Il convient de remarquer que, depuis des années, les artistes ne pensent qu’à l’Italie ; c’est leur Mecque. Ils vont y étudier, certes, mais les meilleurs d’entre eux y restent. Le risque existe d’une influence exagérée et d’un vide pour la peinture française. Sublet de Noyers voit cela clairement : il est temps d’arrêter le phénomène. Mais Poussin, tout en choisissant soigneusement les influences qu’il entend recevoir et en épanouissant sa propre personnalité, éprouve du mal à s’arracher à Rome. Un nouvel appel de Sublet de Noyers, auquel est jointe une lettre du roi, n’occasionne qu’une promesse. Au bout d’un an, rien n’est fait. Chantelou se rend alors à Rome et, à force de patience, finit par convaincre le peintre, qu’il emmène accompagné de son beau-frère Jean Dughet. Poussin n’aura pas, d’abord, à se plaindre. Arrivé à la fin de 1640, il est vite reçu par le roi et Richelieu. Il le dit dans une lettre du 9 janvier 1641 et décrit l’accueil : le premier est « rempli de bonté et de politesse, s’entretient aimablement avec lui et le questionne » ; le second « l’embrasse, le tient par la main ». Le 20 mars, Poussin est premier peintre ordinaire du roi, aux gages de 1 000 écus par an.

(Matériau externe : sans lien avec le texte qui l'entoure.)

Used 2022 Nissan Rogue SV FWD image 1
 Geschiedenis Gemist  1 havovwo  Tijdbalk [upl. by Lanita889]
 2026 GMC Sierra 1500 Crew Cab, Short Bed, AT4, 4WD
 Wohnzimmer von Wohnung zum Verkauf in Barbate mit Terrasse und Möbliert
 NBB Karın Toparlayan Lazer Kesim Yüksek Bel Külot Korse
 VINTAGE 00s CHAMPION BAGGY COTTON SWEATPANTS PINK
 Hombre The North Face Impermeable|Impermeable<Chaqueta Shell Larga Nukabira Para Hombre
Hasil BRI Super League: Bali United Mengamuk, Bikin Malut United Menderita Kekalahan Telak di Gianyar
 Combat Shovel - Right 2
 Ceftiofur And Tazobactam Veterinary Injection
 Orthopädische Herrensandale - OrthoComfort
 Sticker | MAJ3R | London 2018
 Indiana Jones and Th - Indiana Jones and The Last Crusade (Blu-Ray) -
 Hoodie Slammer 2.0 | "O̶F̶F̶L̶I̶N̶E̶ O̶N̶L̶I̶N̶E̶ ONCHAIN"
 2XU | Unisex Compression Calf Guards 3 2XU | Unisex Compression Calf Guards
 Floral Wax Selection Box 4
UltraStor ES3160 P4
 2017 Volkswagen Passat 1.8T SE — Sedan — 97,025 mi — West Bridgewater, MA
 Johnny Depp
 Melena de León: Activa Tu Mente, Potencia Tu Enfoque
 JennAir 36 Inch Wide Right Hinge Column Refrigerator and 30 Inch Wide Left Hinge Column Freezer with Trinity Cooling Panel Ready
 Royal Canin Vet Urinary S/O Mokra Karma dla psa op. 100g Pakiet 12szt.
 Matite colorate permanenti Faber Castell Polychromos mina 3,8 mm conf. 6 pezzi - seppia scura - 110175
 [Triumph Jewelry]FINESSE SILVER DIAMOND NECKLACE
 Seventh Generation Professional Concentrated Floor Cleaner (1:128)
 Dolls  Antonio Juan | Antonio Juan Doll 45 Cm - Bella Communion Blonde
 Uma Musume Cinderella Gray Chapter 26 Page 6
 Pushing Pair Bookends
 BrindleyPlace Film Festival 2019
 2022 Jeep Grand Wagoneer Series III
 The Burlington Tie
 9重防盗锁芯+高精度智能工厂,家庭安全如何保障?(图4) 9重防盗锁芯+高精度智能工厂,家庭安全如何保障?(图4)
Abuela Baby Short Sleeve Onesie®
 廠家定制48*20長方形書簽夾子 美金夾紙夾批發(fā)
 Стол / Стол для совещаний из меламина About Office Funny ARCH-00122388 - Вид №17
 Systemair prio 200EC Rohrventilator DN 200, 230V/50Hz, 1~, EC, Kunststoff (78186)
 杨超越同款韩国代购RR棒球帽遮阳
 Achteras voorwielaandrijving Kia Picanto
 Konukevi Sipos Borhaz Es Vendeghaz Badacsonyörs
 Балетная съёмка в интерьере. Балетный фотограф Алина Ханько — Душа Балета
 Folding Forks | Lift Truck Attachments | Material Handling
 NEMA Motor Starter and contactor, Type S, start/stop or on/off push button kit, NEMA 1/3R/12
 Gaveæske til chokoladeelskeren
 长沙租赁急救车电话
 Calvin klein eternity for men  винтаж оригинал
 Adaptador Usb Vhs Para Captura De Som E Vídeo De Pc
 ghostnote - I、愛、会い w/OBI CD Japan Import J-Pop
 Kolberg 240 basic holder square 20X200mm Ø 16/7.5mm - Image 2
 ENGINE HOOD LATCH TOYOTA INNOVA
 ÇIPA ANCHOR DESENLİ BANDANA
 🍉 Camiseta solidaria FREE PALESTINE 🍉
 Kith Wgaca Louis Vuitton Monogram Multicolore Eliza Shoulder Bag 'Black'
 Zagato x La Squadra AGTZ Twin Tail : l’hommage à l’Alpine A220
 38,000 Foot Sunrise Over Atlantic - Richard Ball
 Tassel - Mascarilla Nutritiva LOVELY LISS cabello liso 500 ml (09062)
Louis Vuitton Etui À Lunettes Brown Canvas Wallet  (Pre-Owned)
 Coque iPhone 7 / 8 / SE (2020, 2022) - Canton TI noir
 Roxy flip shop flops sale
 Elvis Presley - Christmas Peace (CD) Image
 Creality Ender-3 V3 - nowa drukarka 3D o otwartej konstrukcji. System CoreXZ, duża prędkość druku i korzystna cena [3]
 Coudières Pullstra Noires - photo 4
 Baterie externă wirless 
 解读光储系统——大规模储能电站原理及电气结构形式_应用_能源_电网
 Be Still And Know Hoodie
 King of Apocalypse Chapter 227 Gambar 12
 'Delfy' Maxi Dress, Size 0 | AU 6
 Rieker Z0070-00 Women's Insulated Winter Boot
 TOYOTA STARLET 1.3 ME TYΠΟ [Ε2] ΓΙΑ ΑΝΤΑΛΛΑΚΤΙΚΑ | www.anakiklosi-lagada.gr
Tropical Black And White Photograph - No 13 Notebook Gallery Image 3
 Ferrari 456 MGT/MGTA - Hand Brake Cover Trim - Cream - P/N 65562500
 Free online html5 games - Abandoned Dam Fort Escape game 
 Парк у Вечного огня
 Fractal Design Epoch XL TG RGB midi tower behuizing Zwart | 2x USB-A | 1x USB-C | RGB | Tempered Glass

Les commandes pleuvent : pour les chapelles des châteaux de Saint-Germain-en-Laye (Jésus-Christ instituant le sacrement de l’eucharistie, musée du Louvre) et de Fontainebleau, pour la Grande Galerie du Louvre (conception d’ensemble et bas-reliefs simulés des Travaux d’Hercule), pour les Gobelins (huit cartons sur l’Ancien Testament), pour Richelieu... Mais ces travaux académiques ne conviennent pas à l’artiste, en butte, par ailleurs, à des jalousies, des médisances, des intrigues ; les plus actifs de ses ennemis sont les peintres Simon Vouet* et Jacques Fouquier (entre 1580 et 1590-1659). Découragé et en mauvaise santé, Poussin demande un congé et regagne Rome (automne 1642). Là-bas l’atteindra la nouvelle de la mort de Richelieu, suivie de celle de Louis XIII et de la retraite de Sublet de Noyers. Sans ces protections, il n’a plus rien à attendre du travail en France. Il n’y reviendra jamais. Mais le contact n’est pas rompu avec Chantelou et son entourage, souvent composé d’hommes d’affaires puissants qui passent des commandes, le soutiennent de leur influence et entretiennent avec lui une active correspondance des années durant. Certains le visiteront même à Rome, où il mourra après une existence simple, modeste, grave et ne laissant finalement à ses héritiers que 15 000 écus. Un artiste d’un classicisme recréé, mais d’autant plus rigoureux, passionné, sûr de lui, loin des modes, tel est Poussin. Les vocables dignité, vertu, intransigeance reviennent sous la plume de ceux qui l’ont connu et désignent autant ses mœurs que son art. Poussin est l’honnête homme, parfois entouré de fripons, faisant carrière en raison de ses qualités.


L’évolution de son art

Tout artiste connaît dans son œuvre bien des successions, des retours, des progrès, des chutes parfois. Les années qui passent, la maîtrise acquise, les aventures, les heurs ou malheurs, les conditions de vie et les influences reçues en sont les causes. Poussin n’a pas échappé à ces séries. S’il n’était pas porté vers le maniérisme* par un élan immodéré, ses premières œuvres, par exemple les illustrations pour Marino, rappellent la seconde école de Fontainebleau, avec, toutefois, de l’invention et de la rigueur. Lorsque Poussin travaillera pour le cardinal Barberini, ce maniérisme se transformera quelque peu par ses contacts avec la sculpture antique. Nous avons vu aussi le peintre admirer le Dominiquin — le seul, dans l’actualité, à lui avoir inspiré ce sentiment — et subir son influence (le Triomphe de David, Dulwich College Picture Gallery, Londres). L’époque et, sans doute, ses recherches l’y poussant, Poussin va vers le baroque, dont on trouve des traces dans son Martyre de saint Érasme. Mais sa vraie nature le pousse vers le classicisme*, qu’exprime par exemple une toile aussi importante que l’Inspiration du poète (Louvre).